EXERCISE PROMPT => Using the data below, transcribe exactly everything from the line that contains "Hello, in this" down to the line that contains "So that was". Include both of those lines and none of the pictures.

EXERCISE DATA =>
'''
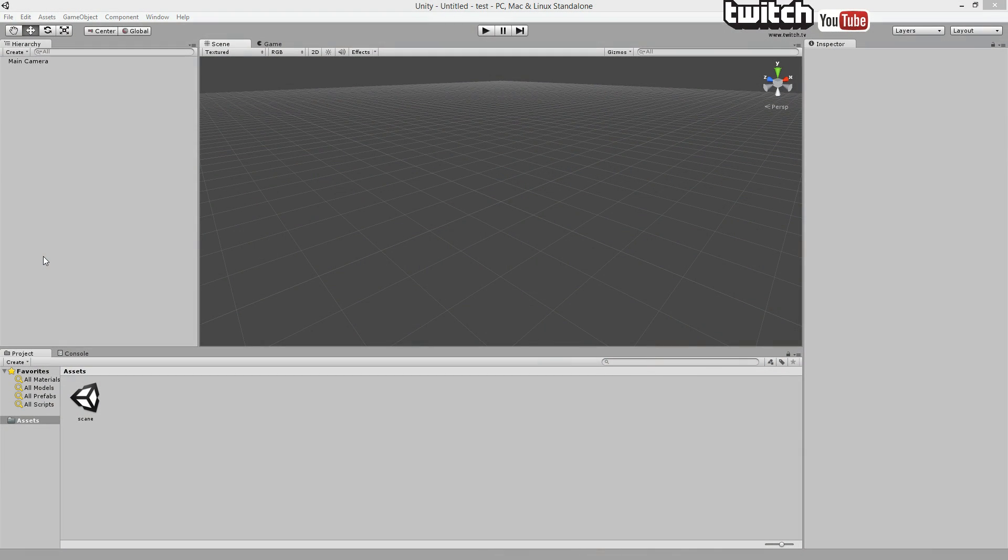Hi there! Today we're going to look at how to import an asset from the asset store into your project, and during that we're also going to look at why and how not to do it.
'''
'''
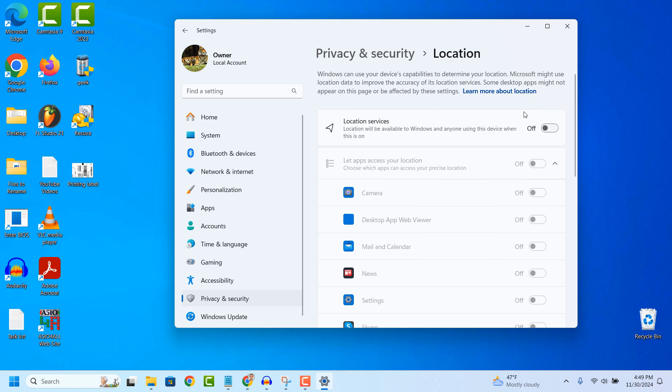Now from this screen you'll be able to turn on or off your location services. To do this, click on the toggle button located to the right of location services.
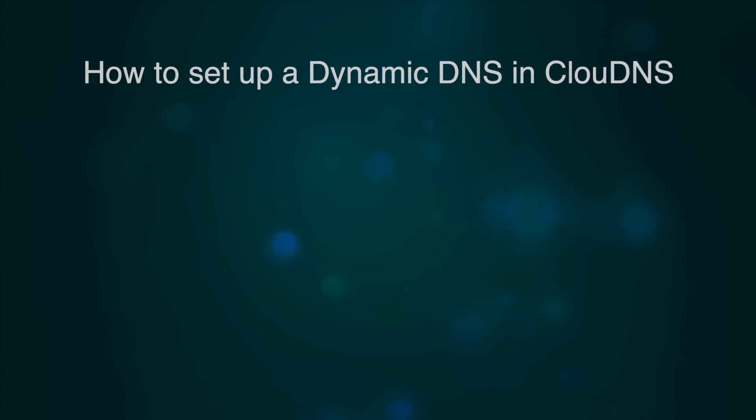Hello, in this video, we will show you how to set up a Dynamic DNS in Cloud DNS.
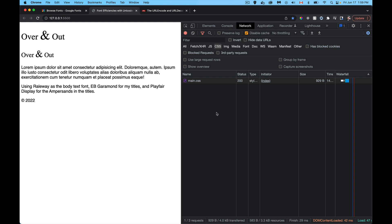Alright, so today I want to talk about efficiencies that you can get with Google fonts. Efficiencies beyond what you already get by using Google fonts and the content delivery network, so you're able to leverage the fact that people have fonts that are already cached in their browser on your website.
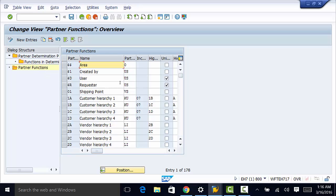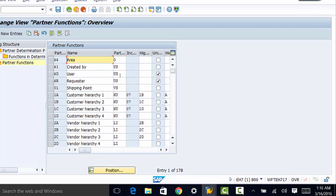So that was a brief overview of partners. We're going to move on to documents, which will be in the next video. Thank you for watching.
'''
'''
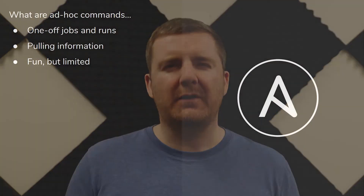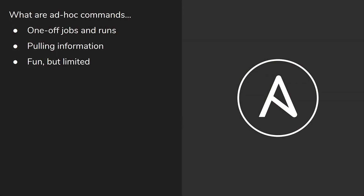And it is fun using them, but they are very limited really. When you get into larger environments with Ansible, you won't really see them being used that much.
'''
RESPONSE BOX =>
Hello, in this video, we will show you how to set up a Dynamic DNS in Cloud DNS.
Alright, so today I want to talk about efficiencies that you can get with Google fonts. Efficiencies beyond what you already get by using Google fonts and the content delivery network, so you're able to leverage the fact that people have fonts that are already cached in their browser on your website.
So that was a brief overview of partners. We're going to move on to documents, which will be in the next video. Thank you for watching.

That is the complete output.